ACTIVITY:
Your output should be exactly the lines from the one containing "Big Bow Back" through the last line of the listing, and nothing else. Pictures stay out.

INFORMATION SHOWN:
_____

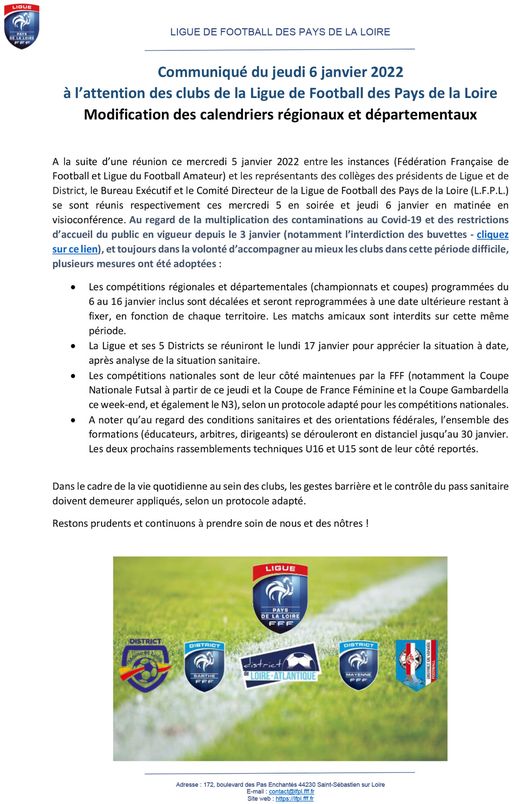 Arrêt des compétitons Ligue et District, maintien de la Gambardella !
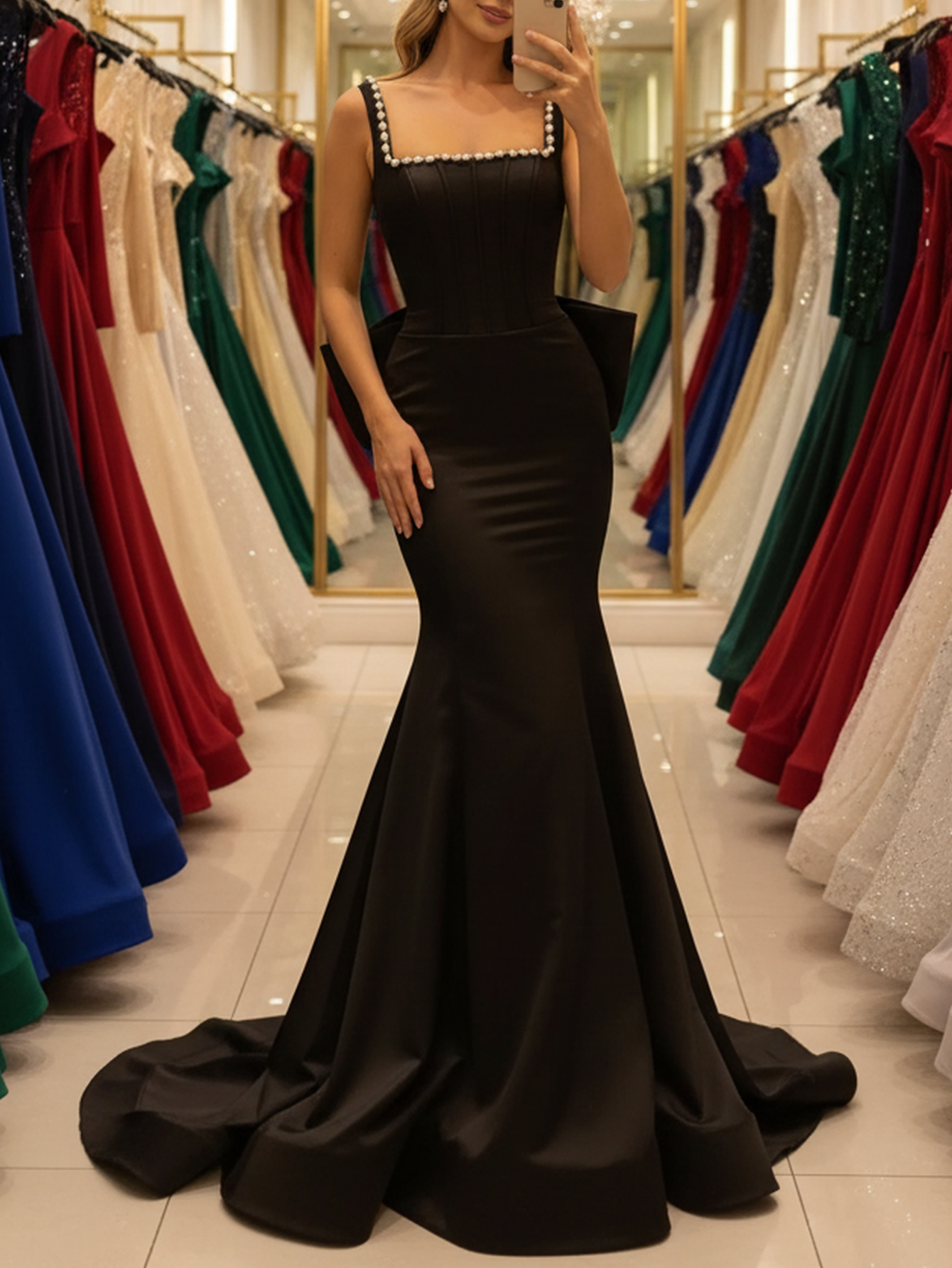 Big Bow Back Tank Square Beading Mermaid Satin Elegant Long Prom Dress - Black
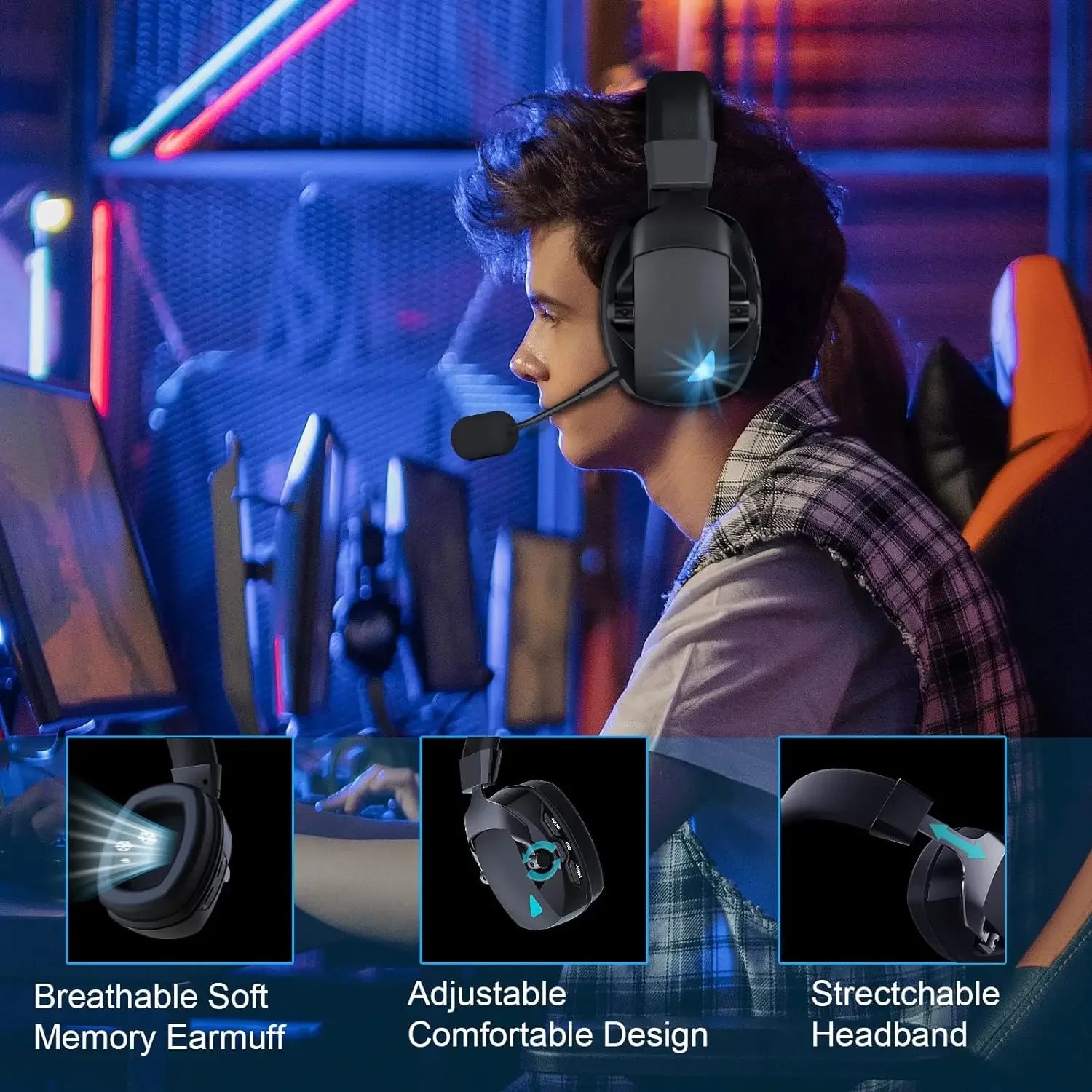 Acinaci Wireless Gaming Headset with Mic 2.4G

_____

RESPONSE TO THIS TASK:
 Big Bow Back Tank Square Beading Mermaid Satin Elegant Long Prom Dress - Black
 Acinaci Wireless Gaming Headset with Mic 2.4G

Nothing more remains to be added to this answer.